● **What is required**: Extract the text of every entry below exactly; leave images out.

● **Data for the task**:
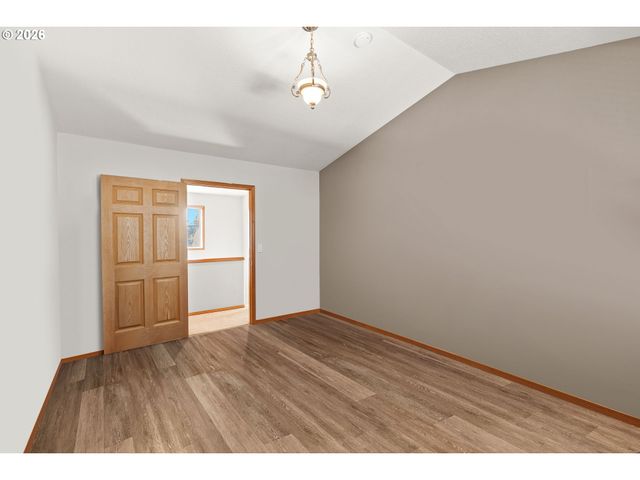 12821 Ne 43RD Cir, Vancouver, WA 98682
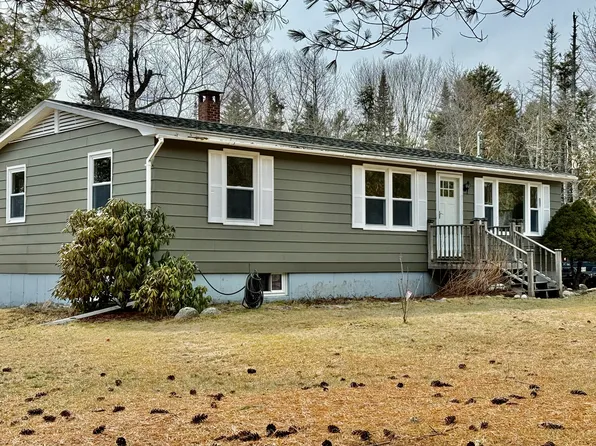 496 Court Street, Machias, ME 04654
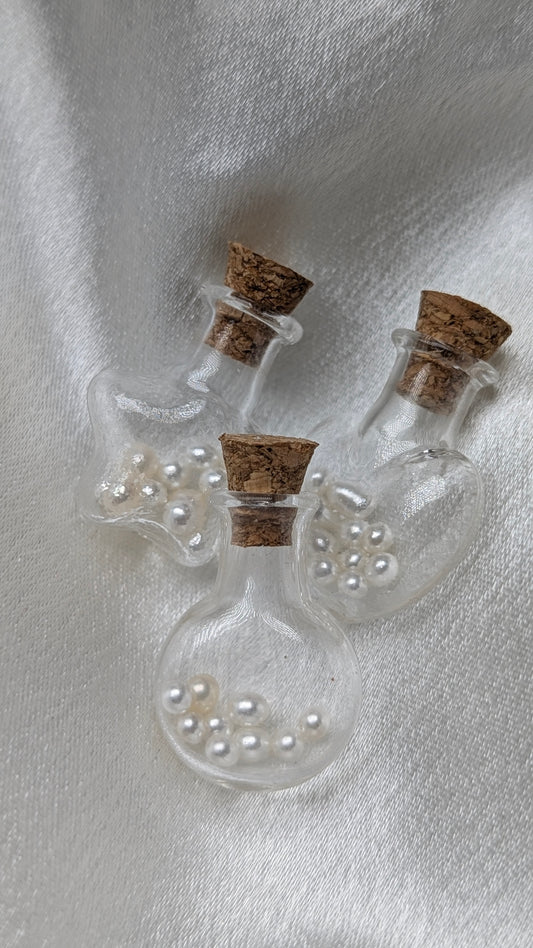 White mini baby pearls 10 bottle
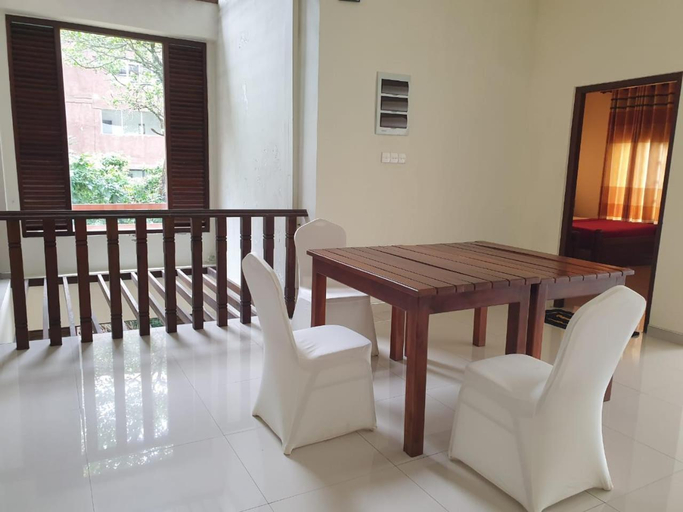 Others 3, Delhousie Hotel, Ambagamuwa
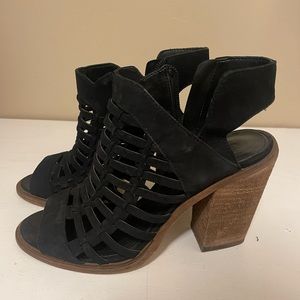 Vince Camino peep toe heeled sandals 7.5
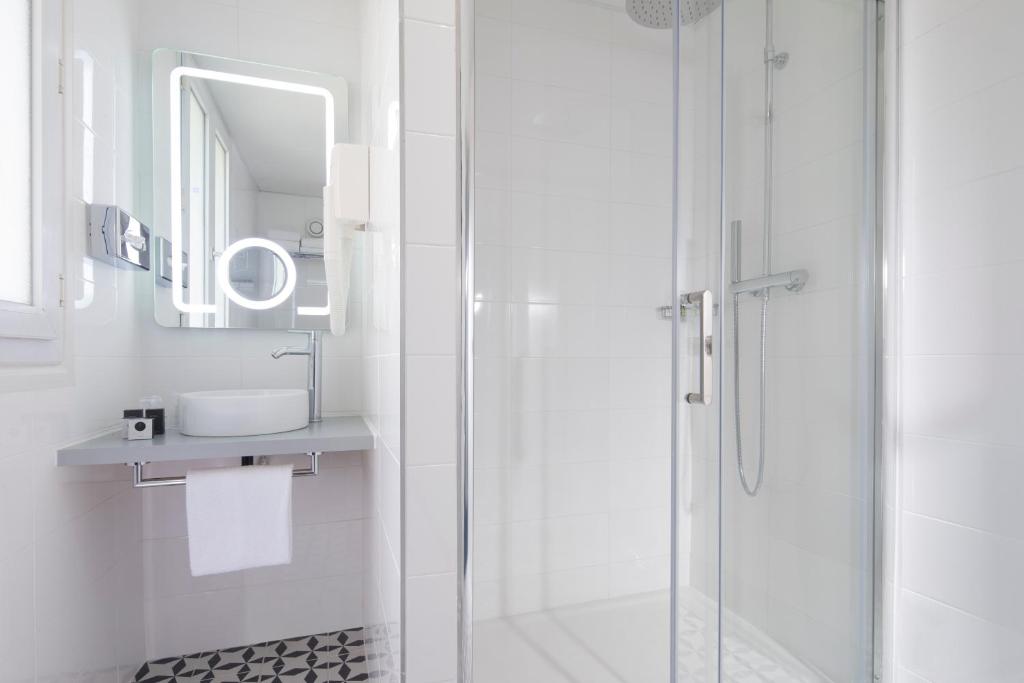 Hôtel Moulin Vert - Resim 21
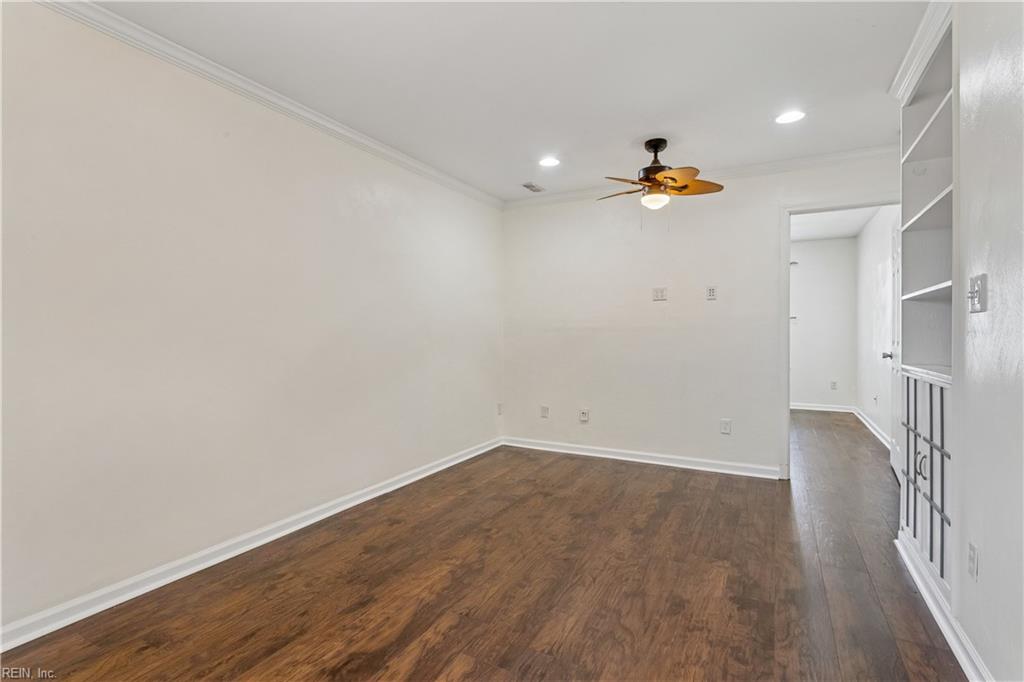 305 Greenfield Cres Property Photo 5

● **Reply**:
 12821 Ne 43RD Cir, Vancouver, WA 98682
 496 Court Street, Machias, ME 04654
 White mini baby pearls 10 bottle
 Others 3, Delhousie Hotel, Ambagamuwa
 Vince Camino peep toe heeled sandals 7.5
 Hôtel Moulin Vert - Resim 21
 305 Greenfield Cres Property Photo 5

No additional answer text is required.